En segundo lugar, consideremos las consecuencias del voto voluntario sobre las políticas de redistribución. Es habitual asumir que, en los sistemas de voto voluntario, las preferencias políticas son similares entre los ciudadanos que votan y los que no votan y que, por tanto, el resultado arrojado por las urnas no tiene ningún tipo de sesgo a favor o en contra de un grupo político o social. No obstante, resulta muy difícil aceptar que esto sea realmente así, pues la evidencia empírica (y el sentido común) nos indican que las personas con mayor nivel de educación y renta son las que más participan. Esta relación es robusta, es decir, se repite, aunque en distinto grado, en todos los países. Si bien en sociedades menos desiguales como las europeas esta diferencia de participación entre clases es menos clara (con la excepción de Francia), vemos que en EEUU por cada miembro del quintil pobre votan tres miembros del quintil rico.

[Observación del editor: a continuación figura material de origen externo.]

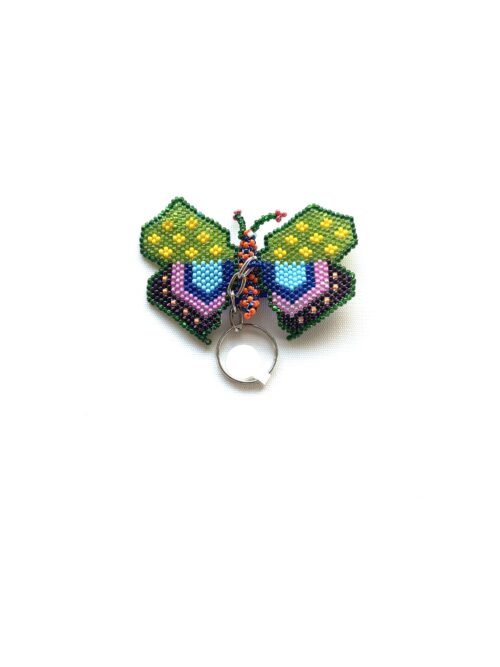 Green Yellow Blue Butterfly Key Chain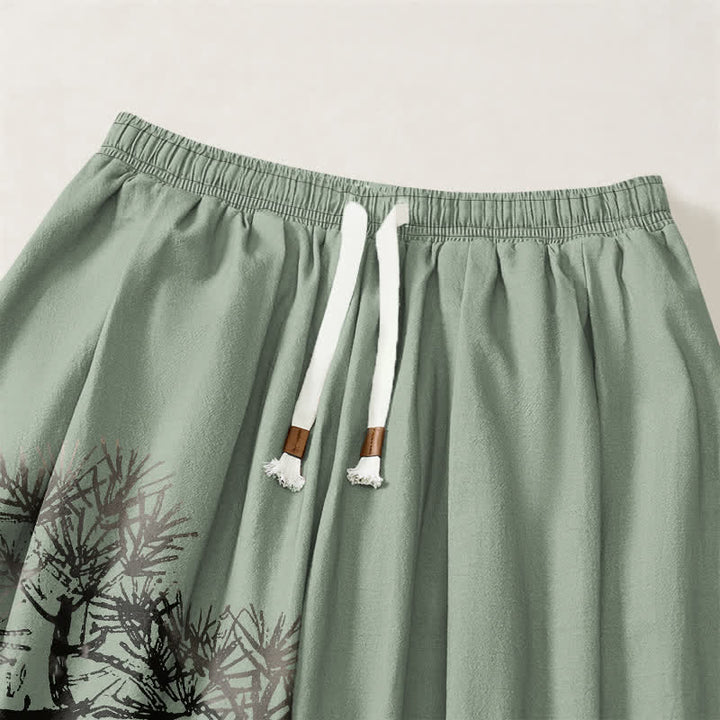 Buddha Stones Pantalones harem para hombre de algodón puro con estampado de pinos y cordón ajustable, con bolsillos. - image 15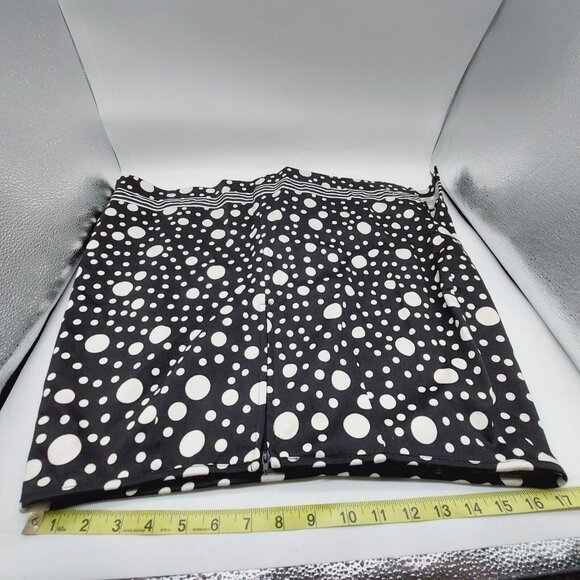 Anne Carson Skirt Skort Size 16 Black White Polka Dot Stripes Back Zipper - Picture 8 of 10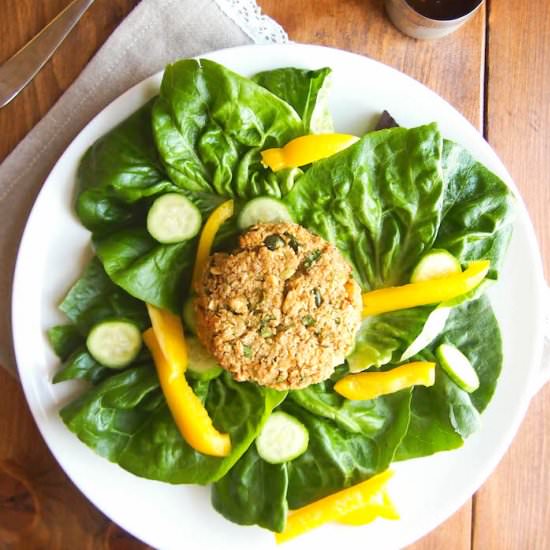 Peanut Ginger Cauliflower Burger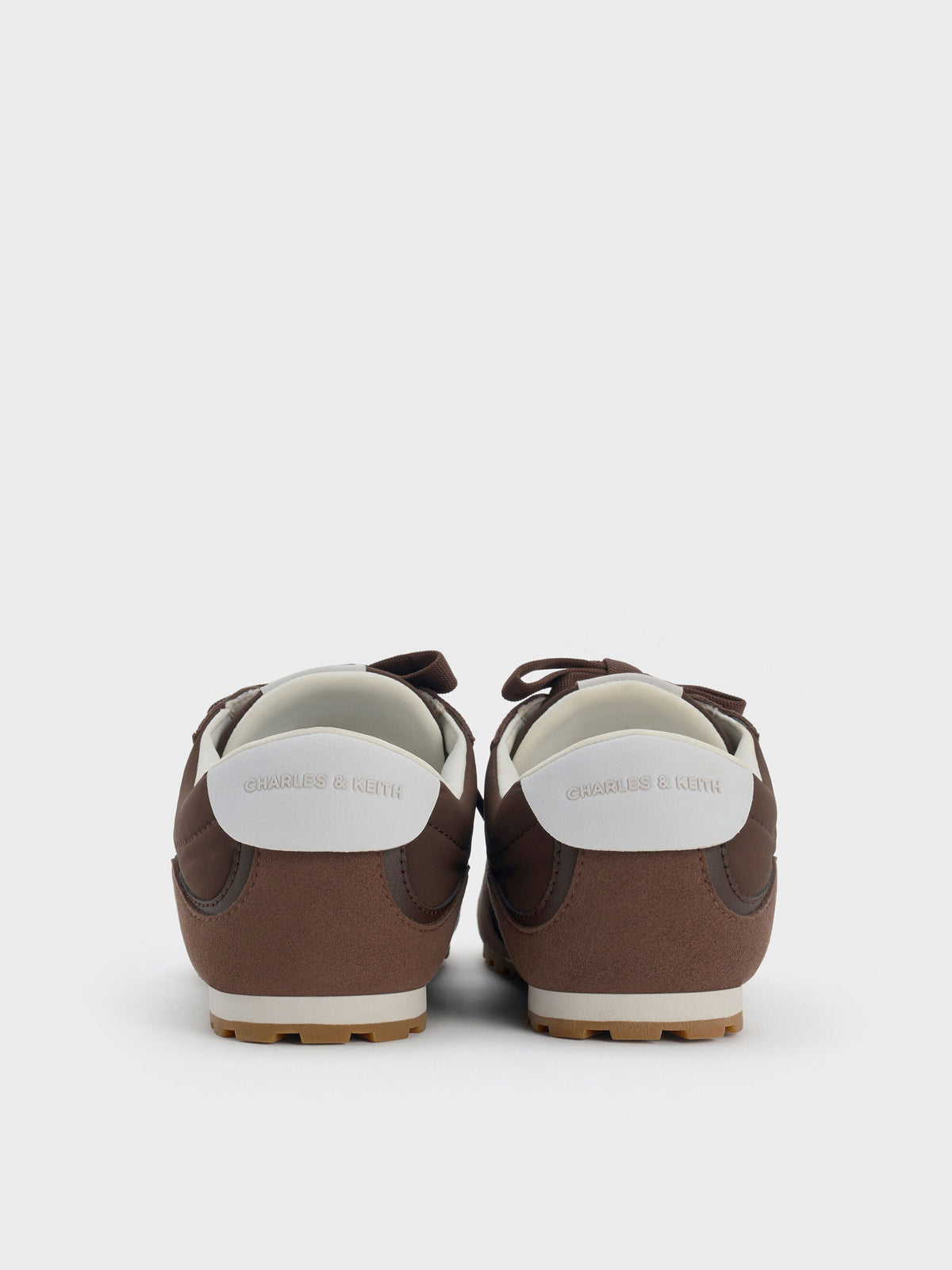 CHARLES & KEITH Recommended / Nylon Contrast-Panel Sneakers - Dark Brown Textured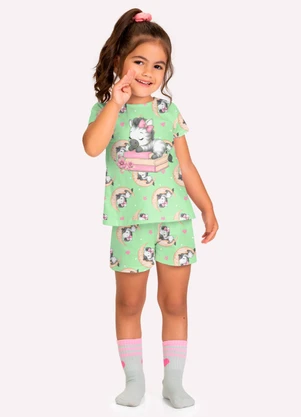 Kyly - Pijama Infantil Menina Zebra Verde - KYLY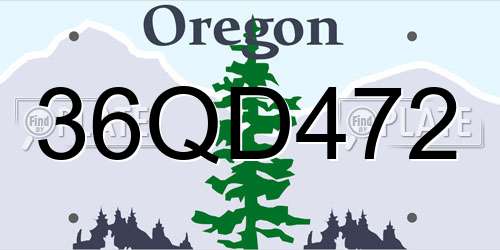 36QD472 Oregon License Plate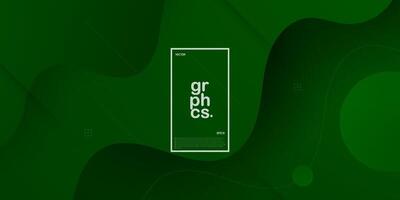 Modern dark green gradient illustration background dynamic with simple wave style. Cool design. Circle shapes pattern. Eps10 vector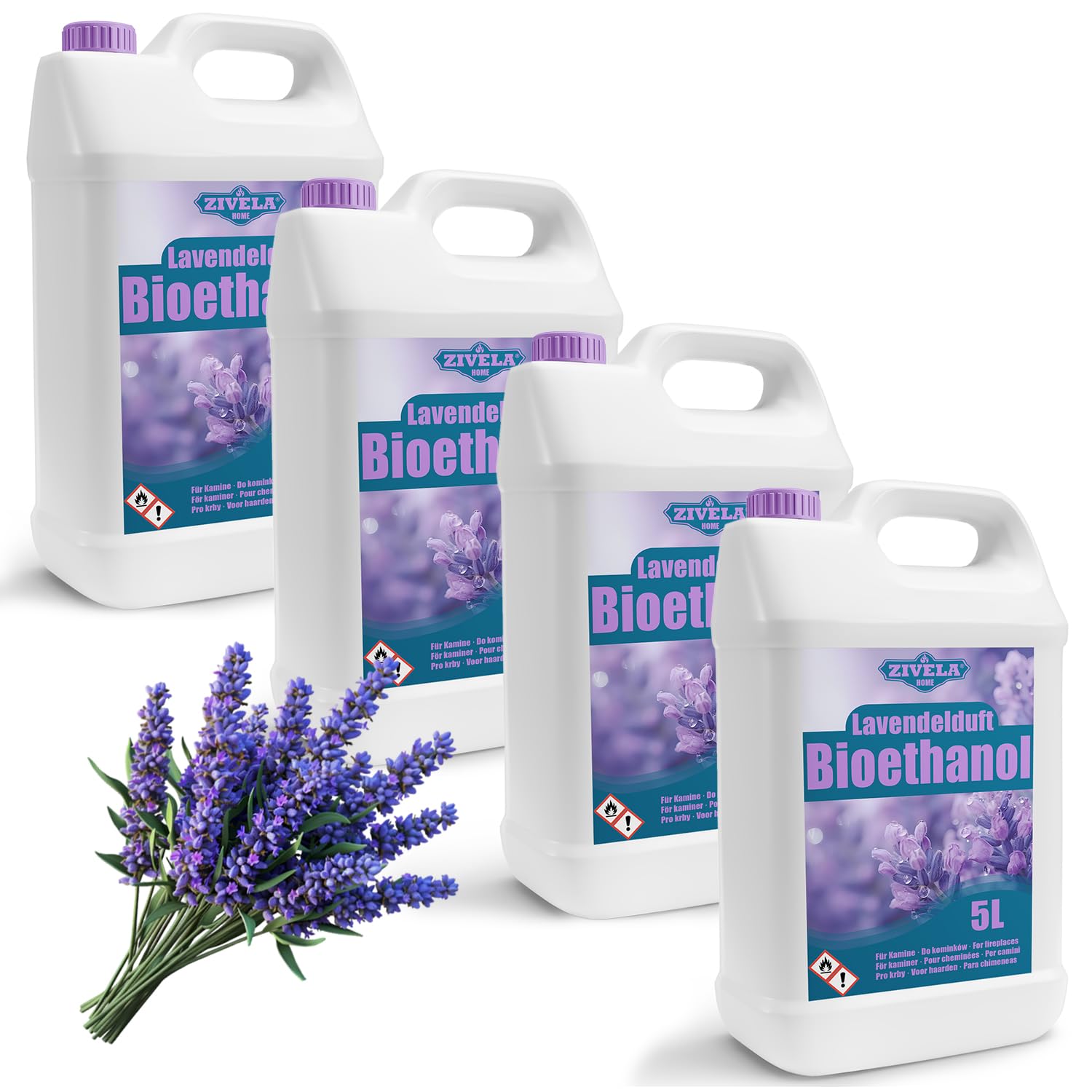Bioetanol 96,6% 20L | Bio Alcohol Lavanda Aroma 96,6% 20L | Bioetanol para Chimenea, Chimenea de mesa, Bioetanol Chimenea | Bioetanol Lavanda Aroma | Combustión limpia, sin humo, llama viva y estable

Y si la desigualdad política y económica de EEUU es bastante superior a la europea, es aún muy inferior a la de sus vecinos del sur.
¿Importa que en un sistema voluntario voten menos los pobres? Estudios recientes han mostrado que los Gobiernos de los países con voto obligatorio destinan mayores recursos a políticas orientadas a redistribuir el ingreso.
En síntesis, los efectos del voto voluntario deben ser cuidadosamente discutidos en un continente con alta desigualdad económica, fuertes diferencias educacionales, considerable apatía política y escasa participación.
La buena disposición del centro-derecha latinoamericano hacia el voto voluntario es coherente con sus eventuales efectos. Lo que no deja de resultar paradójico es que sean los sectores socialdemócratas (en el caso de Chile, el gobierno de Bachelet) quienes promuevan una reforma hacia la no-obligatoriedad. "El que busca la verdad corre el riesgo de encontrarla" advirtió alguna vez la escritora Isabel Allende, y la verdad sobre el voto voluntario podría llegar tarde al progresismo latinoamericano.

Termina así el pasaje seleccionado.